Would this parallel system have any legal standing? Does it need it? We need to listen to patent lawyers on this. I believe that if the system is used by a few thousand inventors, litigating lawyers would make this system very effective. The main advantage of the system is that costs nothing in the way of effort, if the inventor is going to publish his ideas in any case. Adding the declaration at the bottom is all that is required.

I would welcome comments and suggestions from everyone interested.

Srinivasan Ramani 


Rupal Fadia said...

Dear Sir
We would like to do a defensive publication of our product. Can you pls suggest which is the best way / most effective way currently available to do this in India?


Srinivasan Ramani said...

If there are one or technical ideas you want to cover, the simplest solution is get an academic (or technical) paper published on it and write one or two popular articles as well.

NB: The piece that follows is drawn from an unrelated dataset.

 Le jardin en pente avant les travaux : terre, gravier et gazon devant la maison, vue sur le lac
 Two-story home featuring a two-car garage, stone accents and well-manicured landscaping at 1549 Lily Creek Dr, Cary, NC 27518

If the product ideas are economically worth a considerable sum, you should consult a patent lawyer. It may be worth filing for a patent, even if you do this as a defensive measure.

You might want to verify this with a lawyer, but I believe that if you file for an Indian patent and let it lapse later, by not paying for its maintenance, it automatically gets into the public domain. I believe that it is considered to be in the public domain all over the world. Considering the low cost of an Indian patent this may be a good option in many cases.